Ma questa Europa non è solo succube delle multinazionali. Asseconda gli Stati Uniti nelle sue pretestuose beghe internazionali; e per boicottare la Russia, colpevole di aver occupato la Crimea, che comunque aveva espresso la sua volontà di annettersi al gigante eurasiatico, progetta la costruzione di un gasdotto che ci alimenterà energeticamente con fossili provenienti dall’Azerbaijan. Il TAP approderà in Salento, già colpito non a caso dalla xylella, un territorio la cui economia si basa sul turismo e l’agricoltura. Nulla importa per l’Europa se i salentini non vogliono il gasdotto o se i sindaci si rifiutano di farlo passare sul territorio dei propri comuni. Che la xylella sia l’apripista per l’eradicazione degli ulivi già preventivata per la realizzazione del gasdotto?
E che dire del sì del governo Renzi alla ricerca di fonti fossili nell’Adriatico e nello Ionio? Si inquadra certamente nelle politiche liberiste europee tutte a favore delle multinazionali che vogliono speculare devastando le nostre risorse ambientali, l’ultima nostra ricchezza.
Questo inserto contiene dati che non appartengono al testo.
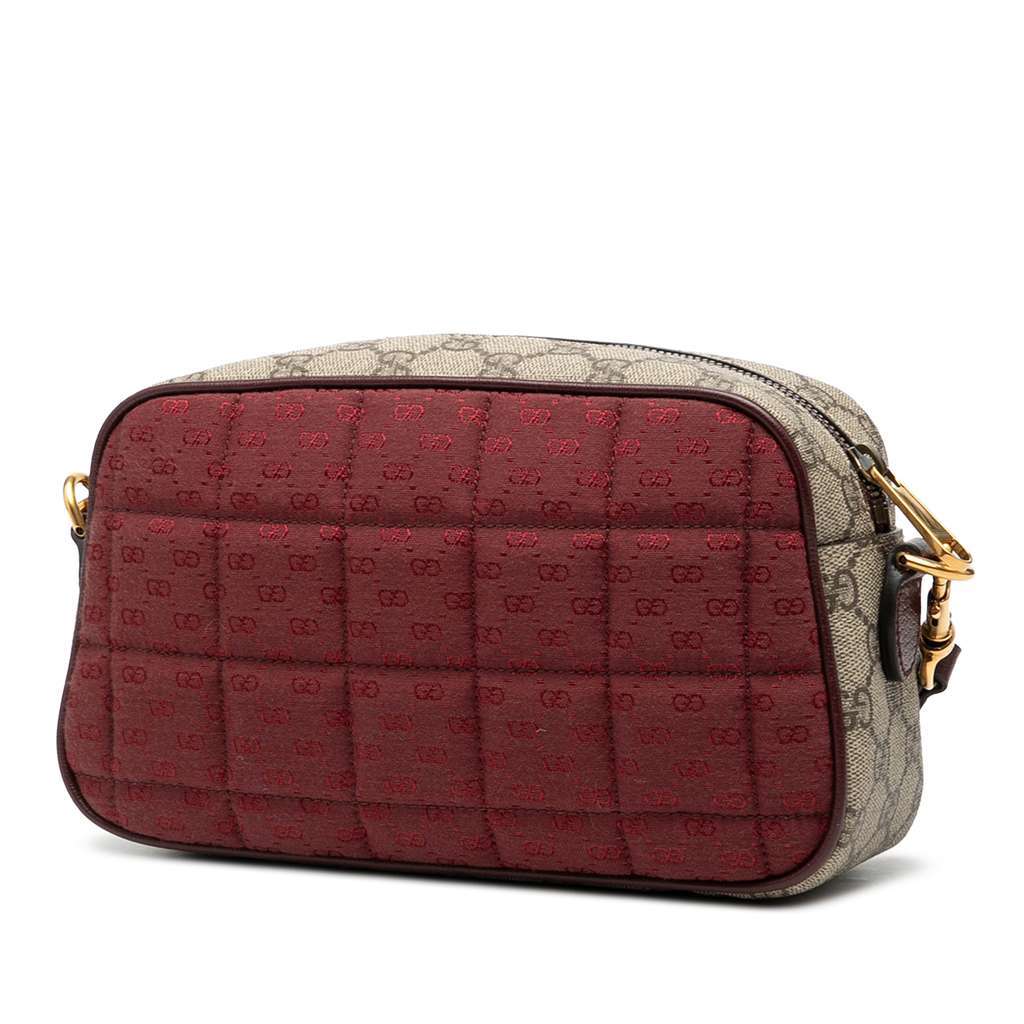 Gucci Small Quilted Mini GG Canvas and GG Supreme Double G Crossbody Red Canvas Very good - Back View
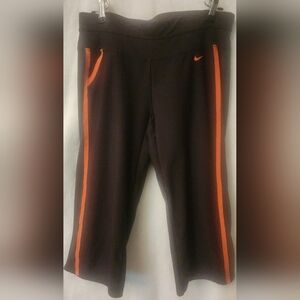 Nike FitDry Capri - black with orange accents with small pocket
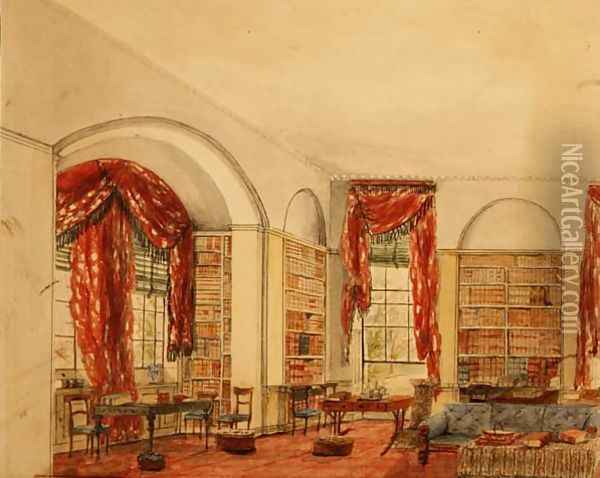 Side View of the Library at Aynhoe Oil Painting - Julia Cartwright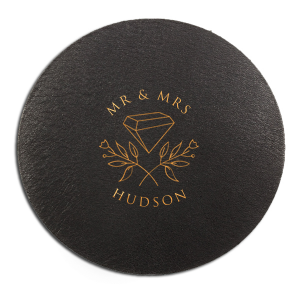 The ever-popular Eggshell Round Coaster with Shiny Copper Foil has a Floral Gem graphic and is good for use in Floral, Trendy, Geometric themed parties and can be customized to complement every last detail of your party.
Capitolo a parte è, invece, la xenofobia dimostrata dalla Francia socialista che ha bloccato le frontiere ai migranti provenienti dall’Italia. Xenofobia condivisa dagli altri paesi europei che si rifiutano di contribuire al dramma migratorio seppure quella della spartizione dei poveracci sembra una divisione della torta degli appalti per la loro accoglienza che ricorda il recente scandalo di “mafia capitale”.
Alla Grecia non possiamo che augurare di uscire dai vari trattati europei e di tornare all’autogoverno tenendo fuori dai propri confini, e dall’influenza sulle decisioni politiche, le multinazionali e le banche che trovano ideale avere un solo interlocutore legislativo europeo per avere carta bianca per i propri affari sull’intero continente.
Questa Europa non solo non tiene conto delle volontà dei popoli che la compongono, delle esigenze dei vari territori diversi geograficamente, economicamente e culturalmente; ma si preoccupa solo dei grandi potentati economici come se per il governo di un grande continente bastasse affidarsi a poche grandi corporation.
Ma è proprio questo il punto: una unione di stati ha senso se al vantaggio dell’abbattimento delle frontiere corrispondesse una maggiore partecipazione dei territori alla vita politica e decisionale dell’Europa. Insomma i poteri devono spostarsi verso le periferie del continente per conservare e far crescere la pluralità di ricchezza e di risorse da condividere.
Questa Europa centralizzata e asservita sembra invece assomigliare più a un grande stato continentale e dittatoriale retto da una oligarchia economica. E se le cose non dovessero cambiare, dovremmo auspicarci che il nuovo leitmotiv mediatico, dopo quello del grexit diventi exitaly.